- [Task objective] Could you repeat the data word for word while skipping the pictures?

- [Data excerpt]
────

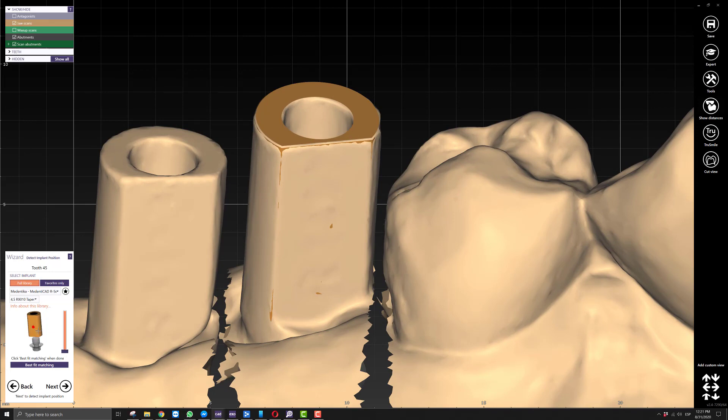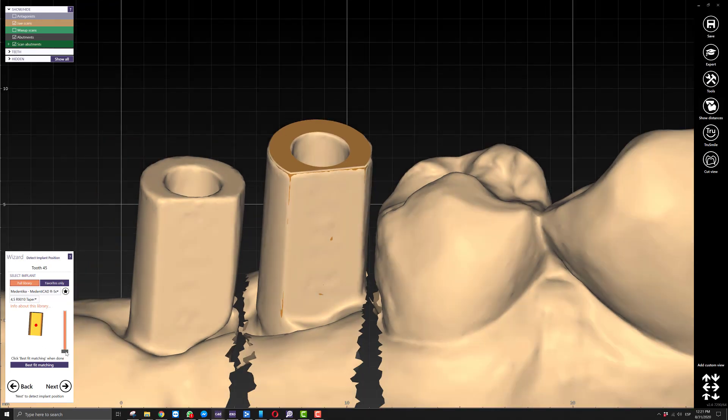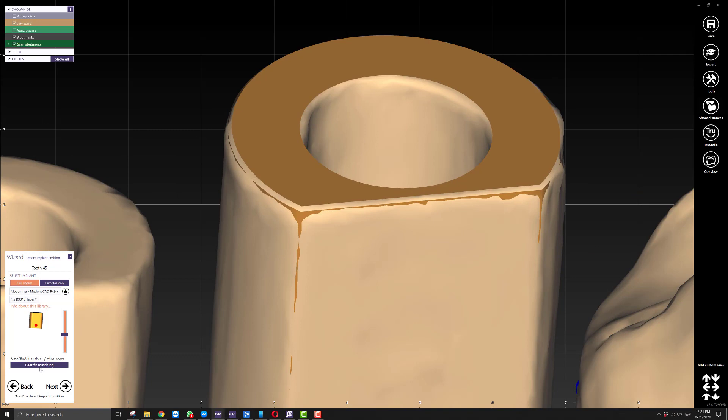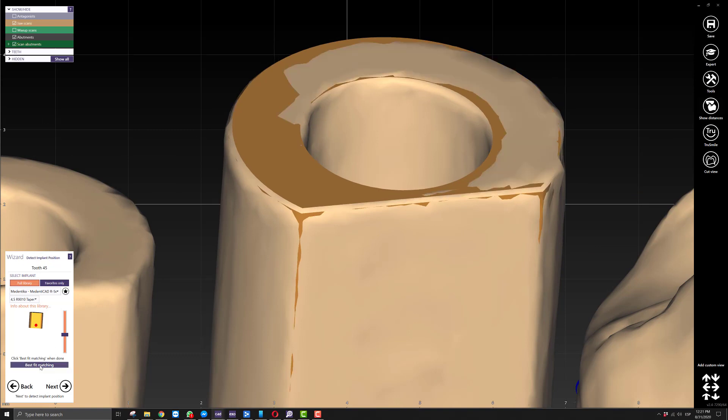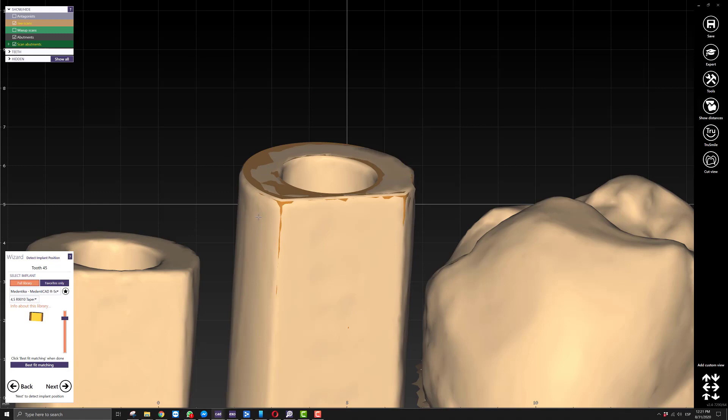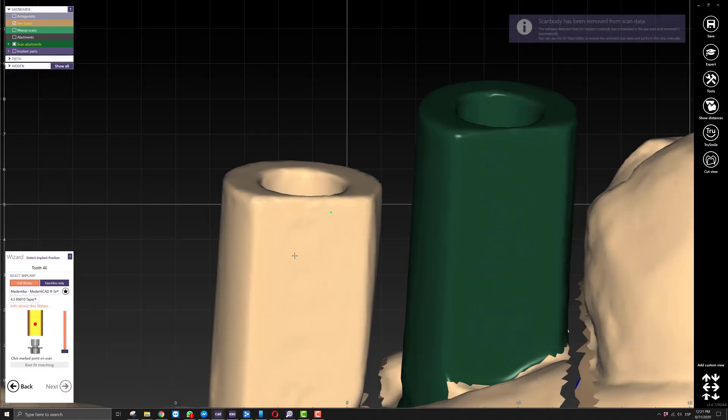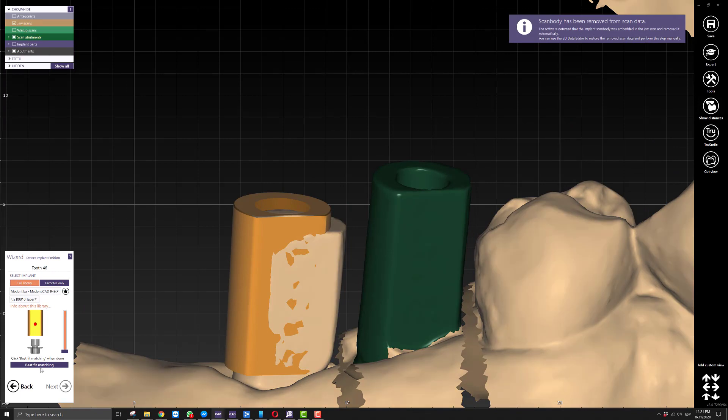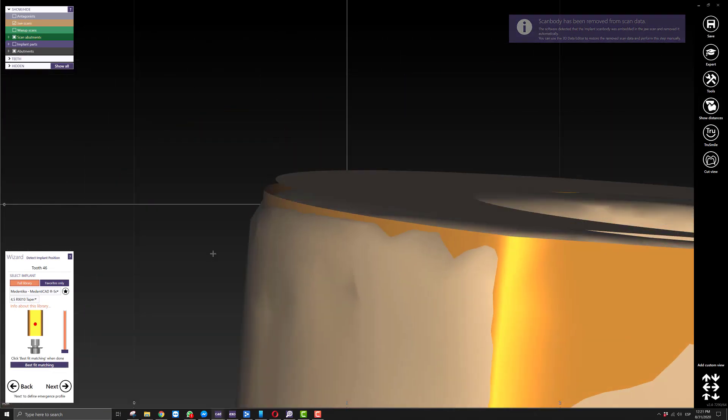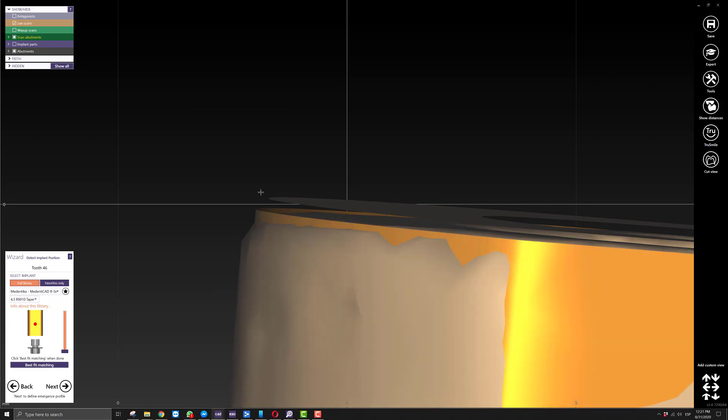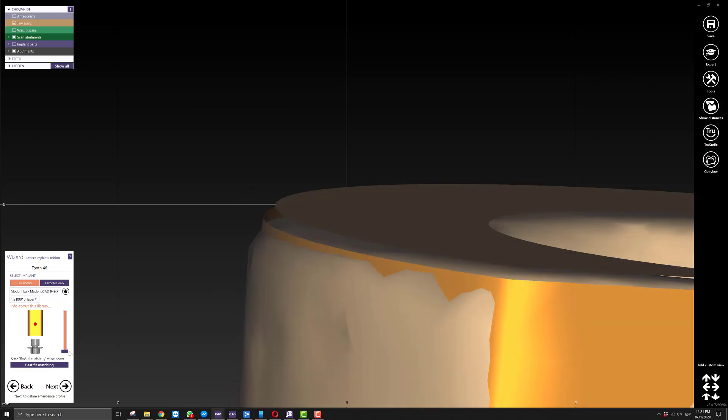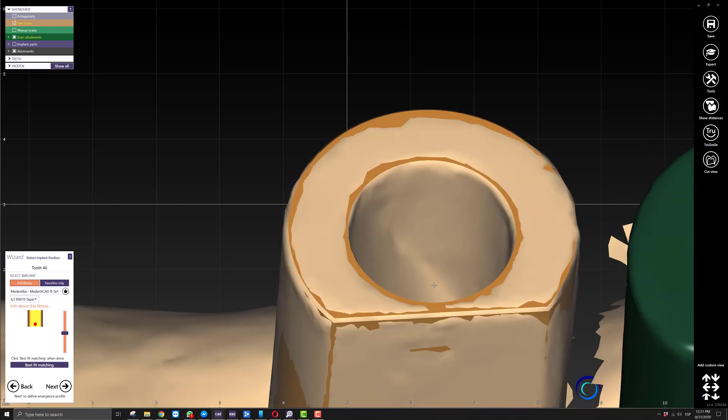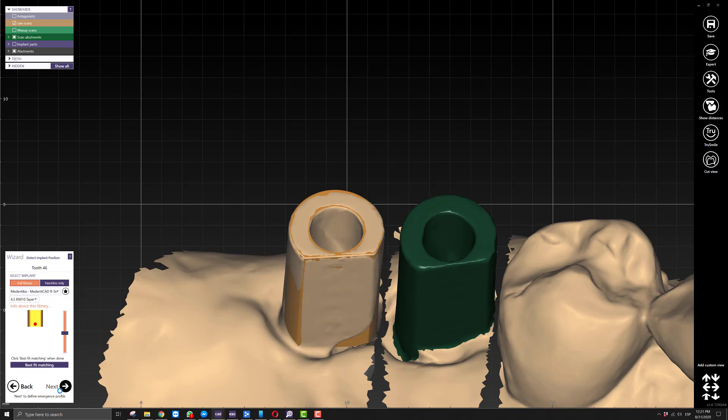What you want to do is have the software, instead of looking for everything we're visualizing here including the tie base, reduce the amount of information it has to look for. I'll reduce it this much, and then when I click best fit matching, my alignment is better. The same thing is going to happen to this implant because it's deeper into the tissue, so it's off by more than the previous one. I'm going to hide a little bit of this, and my alignment is a lot better. Just a quick tip there.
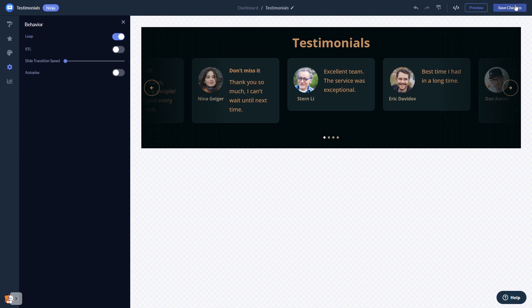If you don't have an account on CommonNinja yet, you'll have to register first. When you're ready to add the testimonials widget to your website, go back to the dashboard.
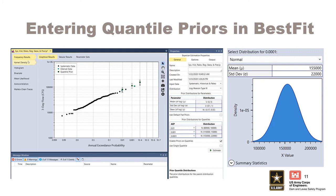The next step is to enter the inflow volume distribution parameters for each quantile prior. In this example, we already checked the Enable Priors on Quantiles checkbox, unchecked the Use Single Quantile checkbox, and entered our three AEP values from the drop-down list. Distribution inputs for each quantile can be accessed by clicking on the distribution box next to the AEP.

────

- [Answer to this task]
What you want to do is have the software, instead of looking for everything we're visualizing here including the tie base, reduce the amount of information it has to look for. I'll reduce it this much, and then when I click best fit matching, my alignment is better. The same thing is going to happen to this implant because it's deeper into the tissue, so it's off by more than the previous one. I'm going to hide a little bit of this, and my alignment is a lot better. Just a quick tip there.
If you don't have an account on CommonNinja yet, you'll have to register first. When you're ready to add the testimonials widget to your website, go back to the dashboard.
The next step is to enter the inflow volume distribution parameters for each quantile prior. In this example, we already checked the Enable Priors on Quantiles checkbox, unchecked the Use Single Quantile checkbox, and entered our three AEP values from the drop-down list. Distribution inputs for each quantile can be accessed by clicking on the distribution box next to the AEP.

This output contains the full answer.